• **WORK ITEM**:
If a line below contains the string "Casa", copy it out.

----------------------------------------

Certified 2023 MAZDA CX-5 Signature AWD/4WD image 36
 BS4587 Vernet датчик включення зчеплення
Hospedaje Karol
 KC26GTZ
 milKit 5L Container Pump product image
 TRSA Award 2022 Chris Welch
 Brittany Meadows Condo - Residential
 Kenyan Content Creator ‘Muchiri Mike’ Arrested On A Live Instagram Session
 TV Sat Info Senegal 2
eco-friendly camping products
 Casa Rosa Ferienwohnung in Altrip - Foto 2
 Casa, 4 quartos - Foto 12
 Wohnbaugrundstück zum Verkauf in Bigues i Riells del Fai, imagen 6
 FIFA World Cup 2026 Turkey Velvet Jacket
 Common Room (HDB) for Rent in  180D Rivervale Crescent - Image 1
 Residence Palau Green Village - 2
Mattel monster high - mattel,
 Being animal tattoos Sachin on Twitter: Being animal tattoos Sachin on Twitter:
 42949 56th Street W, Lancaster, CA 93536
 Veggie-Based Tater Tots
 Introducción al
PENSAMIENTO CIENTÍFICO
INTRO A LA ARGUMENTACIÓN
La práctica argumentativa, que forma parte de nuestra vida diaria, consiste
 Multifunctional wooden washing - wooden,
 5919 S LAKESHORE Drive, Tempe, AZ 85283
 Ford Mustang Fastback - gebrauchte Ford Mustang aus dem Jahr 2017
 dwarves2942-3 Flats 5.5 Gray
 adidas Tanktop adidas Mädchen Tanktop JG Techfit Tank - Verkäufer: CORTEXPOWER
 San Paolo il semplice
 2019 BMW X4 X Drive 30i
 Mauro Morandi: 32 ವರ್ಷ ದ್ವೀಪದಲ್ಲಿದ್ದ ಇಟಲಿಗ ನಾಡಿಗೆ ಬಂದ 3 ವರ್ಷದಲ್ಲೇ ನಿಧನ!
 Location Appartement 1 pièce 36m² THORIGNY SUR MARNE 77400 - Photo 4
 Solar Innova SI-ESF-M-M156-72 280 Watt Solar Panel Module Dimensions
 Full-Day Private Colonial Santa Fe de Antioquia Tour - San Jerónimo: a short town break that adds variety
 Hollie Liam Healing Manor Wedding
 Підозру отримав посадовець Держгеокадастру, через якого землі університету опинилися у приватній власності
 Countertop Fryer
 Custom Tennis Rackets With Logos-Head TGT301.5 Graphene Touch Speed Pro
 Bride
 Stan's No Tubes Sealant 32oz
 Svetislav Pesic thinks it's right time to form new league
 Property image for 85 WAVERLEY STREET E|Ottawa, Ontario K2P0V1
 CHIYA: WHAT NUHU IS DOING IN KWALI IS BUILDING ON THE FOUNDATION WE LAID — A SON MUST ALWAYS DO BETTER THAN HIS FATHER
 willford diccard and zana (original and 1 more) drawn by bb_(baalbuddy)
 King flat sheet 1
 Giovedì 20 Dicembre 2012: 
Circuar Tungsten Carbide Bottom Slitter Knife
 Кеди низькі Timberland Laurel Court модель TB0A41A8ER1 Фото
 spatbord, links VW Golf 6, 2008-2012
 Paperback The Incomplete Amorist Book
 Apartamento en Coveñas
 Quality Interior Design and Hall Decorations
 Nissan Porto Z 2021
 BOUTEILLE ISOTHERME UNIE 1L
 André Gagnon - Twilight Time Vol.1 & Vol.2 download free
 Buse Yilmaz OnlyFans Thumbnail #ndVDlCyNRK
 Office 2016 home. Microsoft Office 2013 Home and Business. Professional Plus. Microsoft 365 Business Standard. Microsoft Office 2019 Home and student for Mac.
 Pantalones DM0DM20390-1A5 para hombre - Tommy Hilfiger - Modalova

----------------------------------------

• **ANSWER TO THIS PROBLEM**:
 Casa Rosa Ferienwohnung in Altrip - Foto 2
 Casa, 4 quartos - Foto 12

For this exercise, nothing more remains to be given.